PolyvoreOutfitDataset
Polyvore Dataset is widely used for learning fashion compatibility. There are several different split versions of this dataset. We deployed Learning Type Aware Embeddings for Fashion Compatibility here.
-
Polyvore Outfits(Nondisjoint)
Outfits are split at random. The training dataset and testing dataset may have overlapped items(garments).
-
Polyvore Outfits(Disjoint)
The training set and testing/validation set have no overlapped items.
Annotations
-
train/test/valid.json
A list of outfits, their item_id and their ordering(index).
-
typespaces.p
A list of tuples(t1, t2), each of which identifies a type- specific embedding that compares items of type t1 to items of type t2.
-
train_hglmm_pca6000.txt
Each row contains 6001 comma separated values, where the first element is the label, the remaining 6000 dimensions are the PCA-reduced HGLMM fisher vectors (note: the "label" may also contain a comma).
-
compatibility_train/test/valid.txt
Fashion compatibility experiment data, where each row is an outfit sample.

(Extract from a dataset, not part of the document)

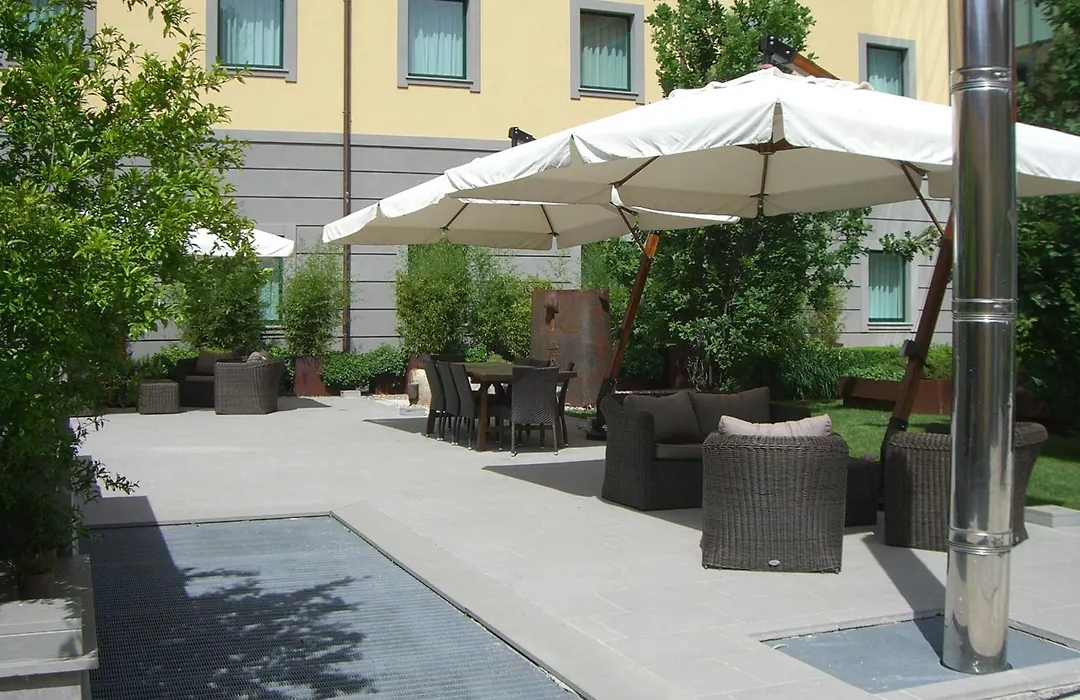 Best Western Falck Village Milano Sesto-1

The first element of the outfit sample is the label (1/0 for positive/negative) and the remaining elements are item identifiers in that sample.
-
fill_in_blank_train/test/valid.json
Fill-in-the-blank experiment data, contains an array of dictionaries. These dictionaries contain the question/answer pairs, and also identifies the "index" of the item in the outfit in "blank_position". Since the set_id is used in the item identifiers, the correct answer can be determined by matching the set_id in the question elements with the set_id in the answers.
Images
Images are stored by their item_id, which are organized in lists of outfits for each each version of the dataset.
Meta-Data
-
polyvore_item_metadata.json
It contains a dictionary where each key is an item_id, and the values are its associated meta-data labels.
-
polyvore_outfit_titles.json
It contains a dictionary where each key is a set_id and the values are its associated meta-data labels.
-
categories.csv
Each row contains three items: category_id, fine_grained category, semantic categroy.